Dorset Council challenged for 'prioritising dogs over people'

The town council and others want to keep the current restrictions for dogs. Credit: PA

Dorset Council has been challenged over why its proposed dog orders for Lyme Regis “prioritise dogs over people.”

The town council and others want to keep the current restrictions for dogs to be kept on a lead during the winter on the main Front Town beach.

However, Dorset Council officers have suggested the restriction be removed on the tiny beach, in line with other beaches in the council area.

Lyme Regis ward councillor Belinda Bawden says she fails to understand why her grandson, and others, are potentially being placed at a lower priority than dogs when most local people in Lyme Regis want to keep the winter lead restriction

She said: “I simply will not be able to take my grandson on the beach in winter if this is approved. It simply will not be safe.”

Cllr Bawden, the town mayor and others have questioned the validity of the 54% poll result in favour of removing the restriction.

They claim there has been an efficient and vociferous campaign by dog owners to "get the result they wanted".

Dorset Council is unable to say where the votes came from as it did not collect any postcode information.

Cllr Roland Tarr claims that the results should have been statistically weighted to take into account that two-thirds of those who took part in the polls were dog owners and were likely to vote for measures which benefitted them.

Lyme Mayor Cllr David Sarson said he wanted to make the strongest possible objection to the proposal to remove restrictions on the Front Town beach on health and safety grounds and because the area was used throughout the year by families, unlike some other beaches. He said the small, sandy beach was also not fully washed by the sea for much of its width.

He told a Dorset Council Place Overview committee: “This prioritises a relatively small number of dog owners over the needs of families and visitors.”

He also said that children and other vulnerable people should be able to use the beach throughout the year without fear of being knocked over or stepping onto, or handling, "something unpleasant".

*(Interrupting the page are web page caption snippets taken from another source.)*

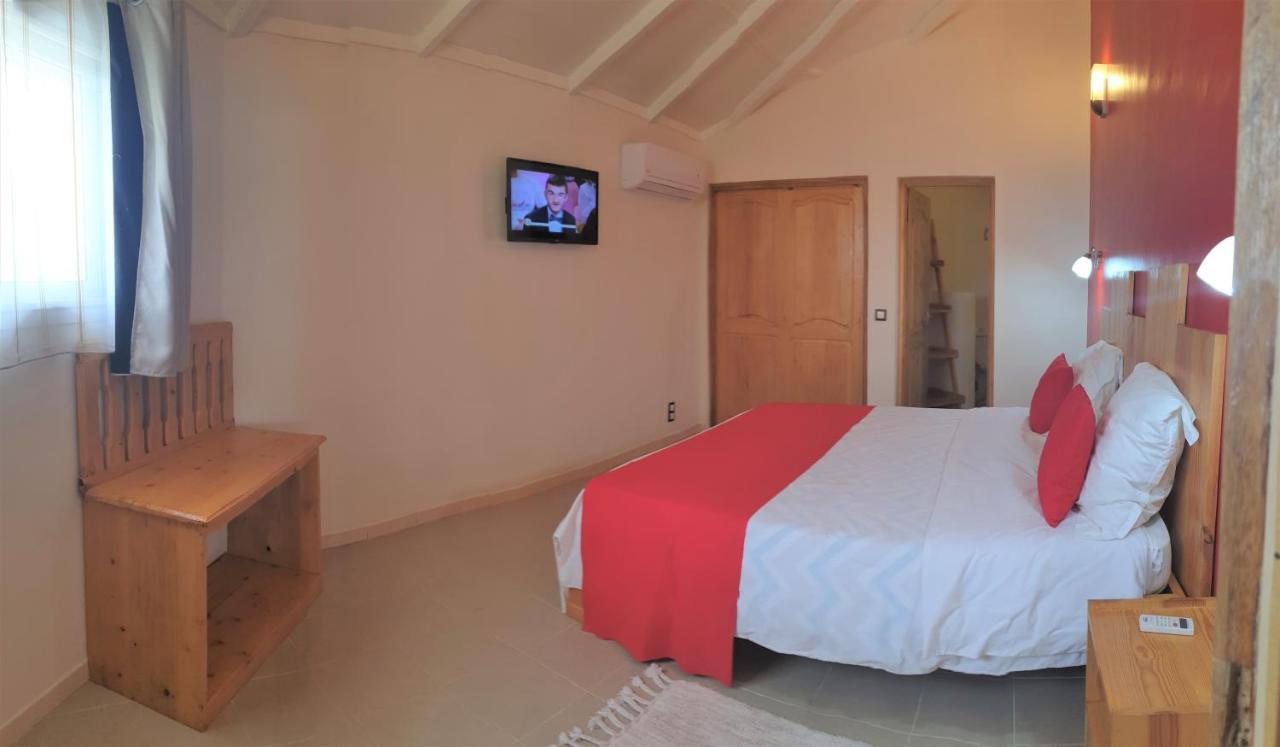 Diamarek Hotel Sur La Plage Saint-Louis Buitenkant foto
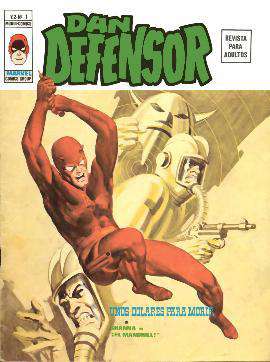 Dan Defensor (2nd Series)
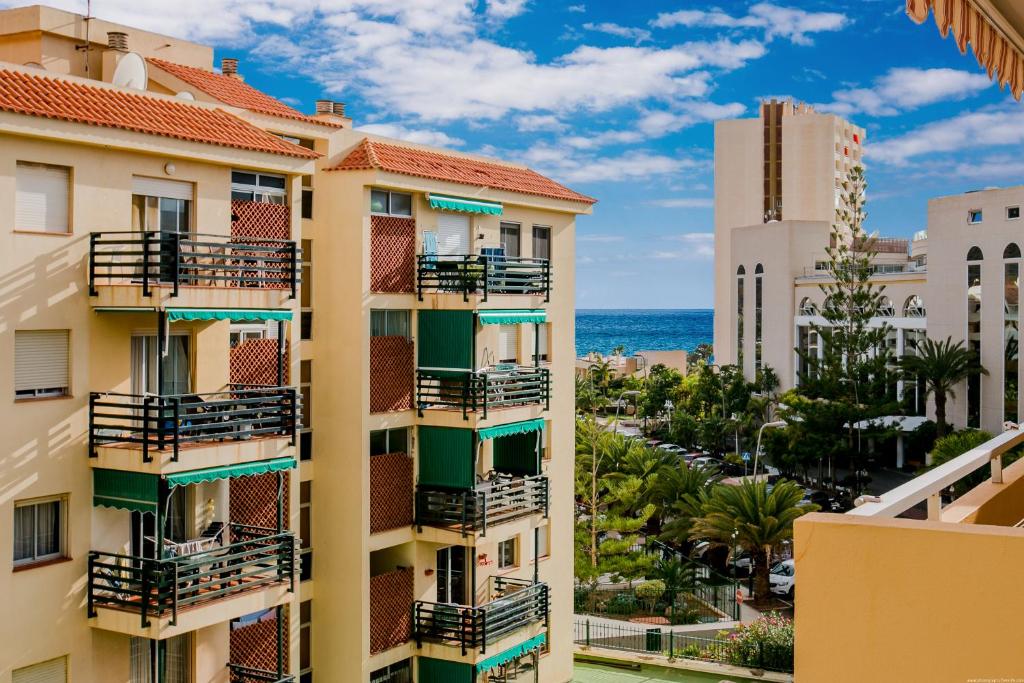 A general sea view or a sea view taken from Az apartmant
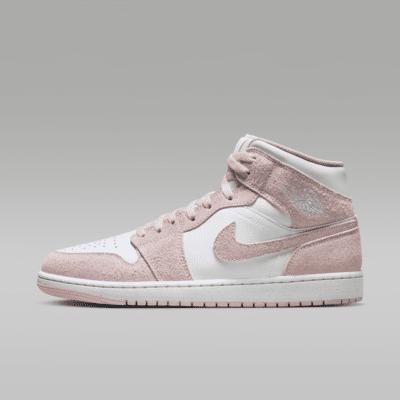 Actual product image Jordan 1 Mid SE Legend Pink (44)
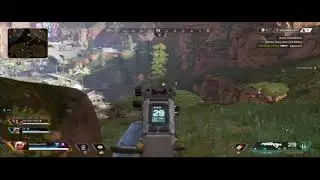 The best gun in Apex Legends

Ward councillor Belinda Bawden said the 54% vote flew in the face of the opinion of the town council and the evidence of her constituents who almost unanimously were unhappy about the prospect of dogs being allowed to run free on the popular local beach, which was very small compared to beaches at Weymouth, Swanage or Studland.

She said:“I genuinely don’t see why dogs are being prioritised over our children and why, in the light of recent tragedies, Dorset Council would choose to put my grandson, my constituents and visitors at risk in this way.

”I feel the silent majority has not been heard above an organised campaign.”

A dog getting his paws sandy on the beach. Credit: PA Images

The meeting heard there had only been one report to the police of a dog bite on the beach in the last three years.

Portfolio holder Cllr Laura Beddow said there were adequate measures in place in all areas to deal with dogs which were out of control or fouling and argued that there was a strong case for having the same rules in place across Dorset and not leaving Lyme Regis as an exception.

She said that if there were a change in local situations changes could later be made to the orders.

A final decision will be made by the council Cabinet in November with the new regulations to come into force in the New Year.

Cllr Hope said Weymouth was benefitting from visitors coming to the town with their dogs and would like to see extra hours allowed during the summer at either end of the day when dogs could use the beaches.

He said it was not a view generally shared by the town council.